Kräppelchen originated close to Leipzig and is a tasty treat you can snack on while you are walking around the Christmas market. I think that it tastes the best when it’s warm and had just been made, so the faster you eat it, the better.
These Leipzig Waffles are a specific style of waffles that can only be found around Leipzig. They have been traditional sweets at the Leipzig Christmas Market for many years now and should be tried by anyone who has a sweet-tooth. These waffle-sandwiches can be eaten with a few different fillings such as vanilla creme, nougat, or apple sauce. If you want to try the original Leipzig Waffle, stick with the vanilla creme filling.
After munching down on way too many sweets at the Leipzig Christmas Market, the place to be is Rudolph’s (Schlitten) Bar. It’s only open during the Christmas season, and it’s where the locals love to go and party. The atmosphere feels cozy and personal, and it’s a place where you can dance away to not only to some of those top 40 hits, but to traditional German Schlager as well.
The Finnish Village
The Leipzig Christmas market is not only for German specialities. In Augustusplatz, there’s also a Finnish Village where you can drink the Scandinavian mulled wine Glögi, eat reindeer meat and smoked salmon, and buy a bunch of Finnish sweets.
Glühwein is everywhere in Germany, so why not drink something different?

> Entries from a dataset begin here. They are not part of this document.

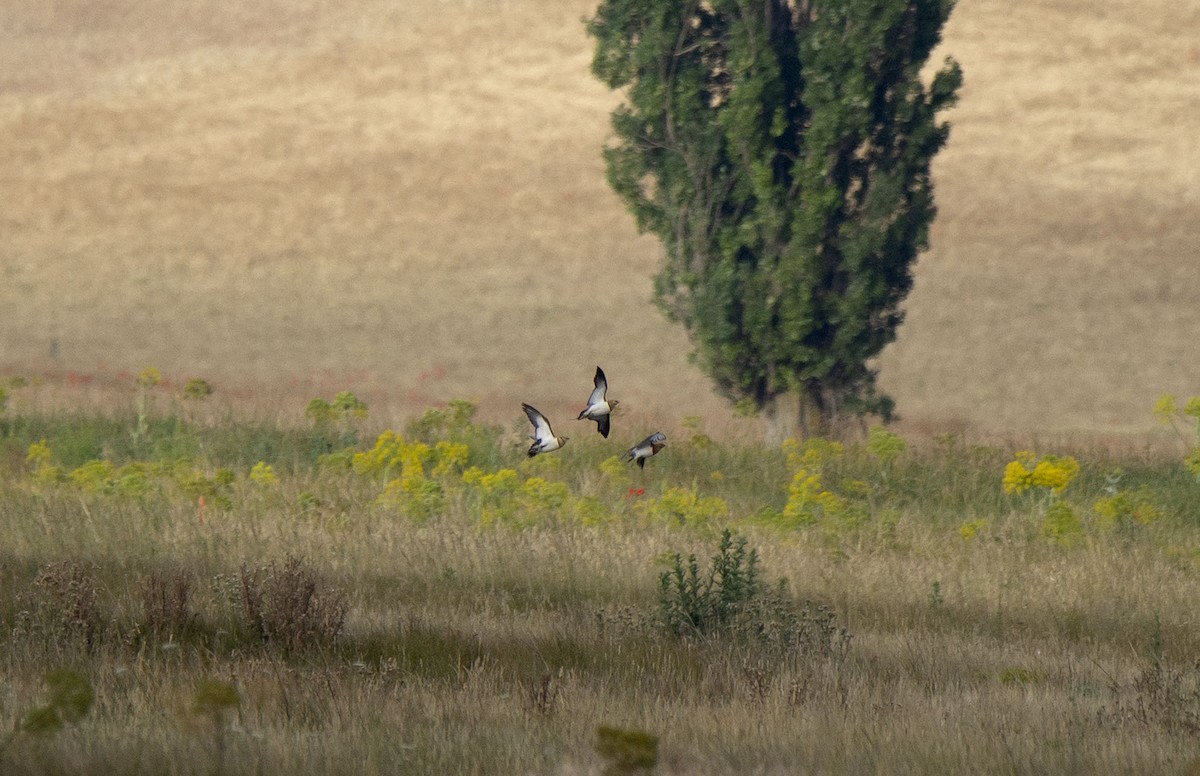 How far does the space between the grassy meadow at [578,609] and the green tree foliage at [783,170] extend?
1.95 metres

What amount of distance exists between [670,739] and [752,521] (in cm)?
610

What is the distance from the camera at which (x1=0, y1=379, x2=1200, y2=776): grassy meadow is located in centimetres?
459

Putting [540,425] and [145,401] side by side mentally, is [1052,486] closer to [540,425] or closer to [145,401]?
[540,425]

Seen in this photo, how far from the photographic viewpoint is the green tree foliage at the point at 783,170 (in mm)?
16391

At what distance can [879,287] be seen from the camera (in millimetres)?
16516

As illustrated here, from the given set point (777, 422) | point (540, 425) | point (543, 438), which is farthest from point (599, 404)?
point (777, 422)

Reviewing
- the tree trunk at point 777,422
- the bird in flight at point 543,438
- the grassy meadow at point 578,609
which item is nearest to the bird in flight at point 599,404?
the bird in flight at point 543,438

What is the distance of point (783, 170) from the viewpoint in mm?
17156

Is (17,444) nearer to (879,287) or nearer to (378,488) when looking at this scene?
(378,488)

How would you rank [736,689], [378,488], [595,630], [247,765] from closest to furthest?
1. [247,765]
2. [736,689]
3. [595,630]
4. [378,488]

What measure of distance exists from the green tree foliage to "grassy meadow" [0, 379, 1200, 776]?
195 cm

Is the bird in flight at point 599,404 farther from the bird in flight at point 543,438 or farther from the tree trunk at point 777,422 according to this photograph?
the tree trunk at point 777,422

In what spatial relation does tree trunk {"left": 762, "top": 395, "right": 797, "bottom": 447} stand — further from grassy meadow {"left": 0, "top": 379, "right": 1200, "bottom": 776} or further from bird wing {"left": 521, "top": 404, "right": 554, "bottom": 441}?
bird wing {"left": 521, "top": 404, "right": 554, "bottom": 441}

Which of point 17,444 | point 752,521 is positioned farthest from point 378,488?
point 17,444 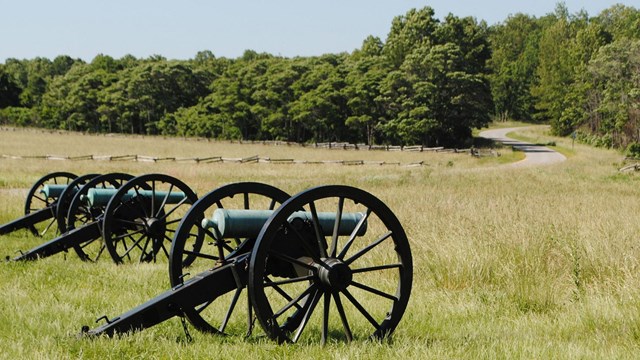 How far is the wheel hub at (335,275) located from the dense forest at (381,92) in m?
51.2

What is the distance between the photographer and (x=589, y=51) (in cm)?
8800

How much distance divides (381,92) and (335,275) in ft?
209

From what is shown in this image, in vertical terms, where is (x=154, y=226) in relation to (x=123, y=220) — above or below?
below

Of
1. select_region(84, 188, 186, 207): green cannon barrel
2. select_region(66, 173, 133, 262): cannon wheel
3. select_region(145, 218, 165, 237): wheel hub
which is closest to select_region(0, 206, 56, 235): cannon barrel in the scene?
select_region(66, 173, 133, 262): cannon wheel

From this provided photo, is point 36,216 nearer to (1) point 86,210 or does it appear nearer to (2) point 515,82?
(1) point 86,210

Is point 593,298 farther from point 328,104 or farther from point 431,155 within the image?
point 328,104

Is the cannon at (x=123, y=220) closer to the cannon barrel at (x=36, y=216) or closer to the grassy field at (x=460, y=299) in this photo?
the grassy field at (x=460, y=299)

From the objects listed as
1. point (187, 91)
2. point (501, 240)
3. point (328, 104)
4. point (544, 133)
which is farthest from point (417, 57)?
point (501, 240)

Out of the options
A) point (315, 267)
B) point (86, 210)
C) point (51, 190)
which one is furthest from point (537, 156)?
point (315, 267)

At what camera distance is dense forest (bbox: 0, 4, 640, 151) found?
65750mm

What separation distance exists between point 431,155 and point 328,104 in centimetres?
1970

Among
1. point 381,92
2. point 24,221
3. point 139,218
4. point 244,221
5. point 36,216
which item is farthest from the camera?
point 381,92

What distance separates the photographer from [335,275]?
185 inches

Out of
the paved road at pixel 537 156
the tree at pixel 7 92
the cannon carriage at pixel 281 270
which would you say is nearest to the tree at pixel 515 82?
the paved road at pixel 537 156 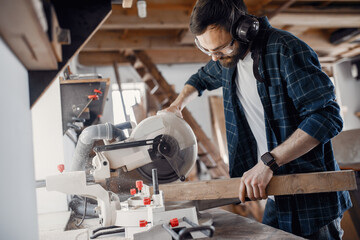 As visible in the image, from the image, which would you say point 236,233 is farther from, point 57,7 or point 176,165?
point 57,7

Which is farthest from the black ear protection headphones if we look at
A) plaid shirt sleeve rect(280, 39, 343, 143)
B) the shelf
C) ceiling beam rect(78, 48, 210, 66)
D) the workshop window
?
the workshop window

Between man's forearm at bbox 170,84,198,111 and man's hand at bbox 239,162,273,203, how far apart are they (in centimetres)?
69

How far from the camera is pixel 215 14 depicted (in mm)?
1423

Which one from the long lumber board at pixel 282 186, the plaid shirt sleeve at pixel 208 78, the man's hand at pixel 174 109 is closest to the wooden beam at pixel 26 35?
the long lumber board at pixel 282 186

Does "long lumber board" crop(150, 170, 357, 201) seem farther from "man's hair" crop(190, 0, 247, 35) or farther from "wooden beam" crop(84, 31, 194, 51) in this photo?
"wooden beam" crop(84, 31, 194, 51)

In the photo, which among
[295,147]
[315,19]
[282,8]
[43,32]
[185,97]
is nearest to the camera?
[43,32]

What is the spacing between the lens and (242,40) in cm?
143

Obstland is a Sachsen-based company that sells a variety of fruit punches at the Leipzig Christmas market. From apple and pear punch, to cherry, raspberry, plum, and more, you’ll certainly find a drink that you’ll like.
The Medieval Christmas Market
If you are looking to transport yourself back in time while having some of the Christmas Market’s best food, then the Medieval Christmas Market is a pit stop you will want to make. It’s located in the square by the Alte Börse, and is filled with medieval looking stands that serve tasty treats, sausages, mead, and a whole lot more.